On this tutorial, we stroll via a complicated, end-to-end exploration of Polyfactory, specializing in how we are able to generate wealthy, life like mock information straight from Python kind hints. We begin by establishing the surroundings and progressively construct factories for information courses, Pydantic fashions, and attrs-based courses, whereas demonstrating customization, overrides, calculated fields, and the technology of nested objects. As we transfer via every snippet, we present how we are able to management randomness, implement constraints, and mannequin real-world constructions, making this tutorial straight relevant to testing, prototyping, and data-driven growth workflows. Take a look at the FULL CODES right here.
import subprocess
import sys
def install_package(bundle):
subprocess.check_call([sys.executable, "-m", "pip", "install", "-q", package])
packages = [
"polyfactory",
"pydantic",
"email-validator",
"faker",
"msgspec",
"attrs"
]
for bundle in packages:
strive:
install_package(bundle)
print(f"✓ Installed {package}")
besides Exception as e:
print(f"✗ Failed to install {package}: {e}")
print("n")
print("=" * 80)
print("SECTION 2: Basic Dataclass Factories")
print("=" * 80)
from dataclasses import dataclass
from typing import Listing, Elective
from datetime import datetime, date
from uuid import UUID
from polyfactory.factories import DataclassFactory
@dataclass
class Deal with:
avenue: str
metropolis: str
nation: str
zip_code: str
@dataclass
class Particular person:
id: UUID
identify: str
e mail: str
age: int
birth_date: date
is_active: bool
tackle: Deal with
phone_numbers: Listing[str]
bio: Elective[str] = None
class PersonFactory(DataclassFactory[Person]):
cross
individual = PersonFactory.construct()
print(f"Generated Person:")
print(f" ID: {person.id}")
print(f" Name: {person.name}")
print(f" Email: {person.email}")
print(f" Age: {person.age}")
print(f" Address: {person.address.city}, {person.address.country}")
print(f" Phone Numbers: {person.phone_numbers[:2]}")
print()
individuals = PersonFactory.batch(5)
print(f"Generated {len(people)} people:")

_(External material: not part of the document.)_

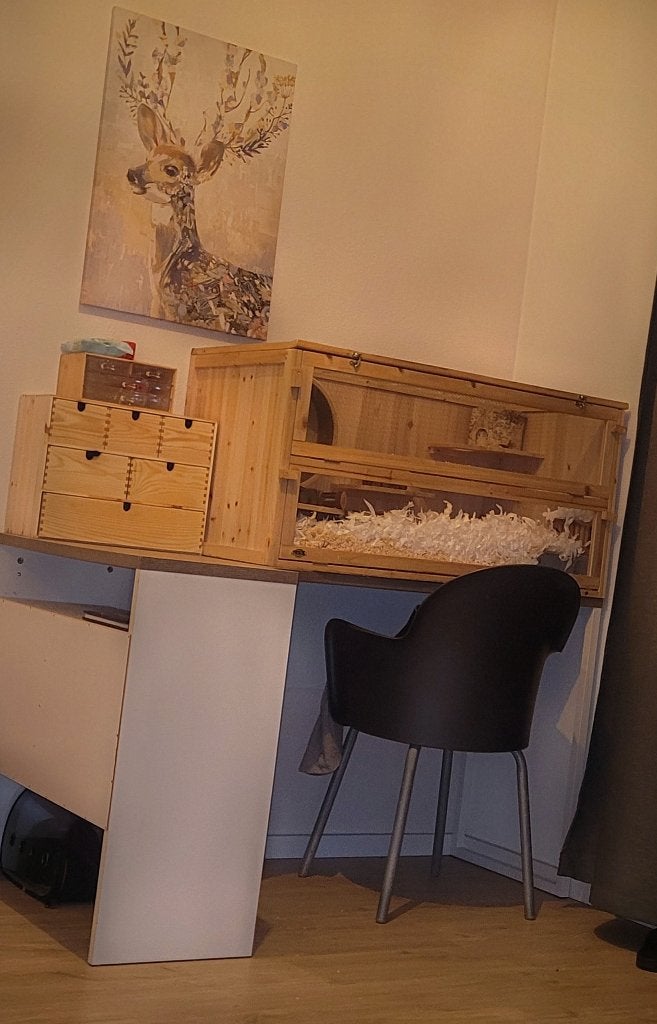 luxe hamster villa 100x50, Ophalen, Zo goed als nieuw, Overige typen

for i, p in enumerate(individuals, 1):
print(f" {i}. {p.name} - {p.email}")
print("n")We arrange the surroundings and guarantee all required dependencies are put in. We additionally introduce the core concept of utilizing Polyfactory to generate mock information from kind hints. By initializing the fundamental dataclass factories, we set up the inspiration for all subsequent examples.
print("=" * 80)
print("SECTION 3: Customizing Factory Behavior")
print("=" * 80)
from faker import Faker
from polyfactory.fields import Use, Ignore
@dataclass
class Worker:
employee_id: str
full_name: str
division: str
wage: float
hire_date: date
is_manager: bool
e mail: str
internal_notes: Elective[str] = None
class EmployeeFactory(DataclassFactory[Employee]):
__faker__ = Faker(locale="en_US")
__random_seed__ = 42
@classmethod
def employee_id(cls) -> str:
return f"EMP-{cls.__random__.randint(10000, 99999)}"
@classmethod
def full_name(cls) -> str:
return cls.__faker__.identify()
@classmethod
def division(cls) -> str:
departments = ["Engineering", "Marketing", "Sales", "HR", "Finance"]
return cls.__random__.selection(departments)
@classmethod
def wage(cls) -> float:
return spherical(cls.__random__.uniform(50000, 150000), 2)
@classmethod
def e mail(cls) -> str:
return cls.__faker__.company_email()
workers = EmployeeFactory.batch(3)
print("Generated Employees:")
for emp in workers:
print(f" {emp.employee_id}: {emp.full_name}")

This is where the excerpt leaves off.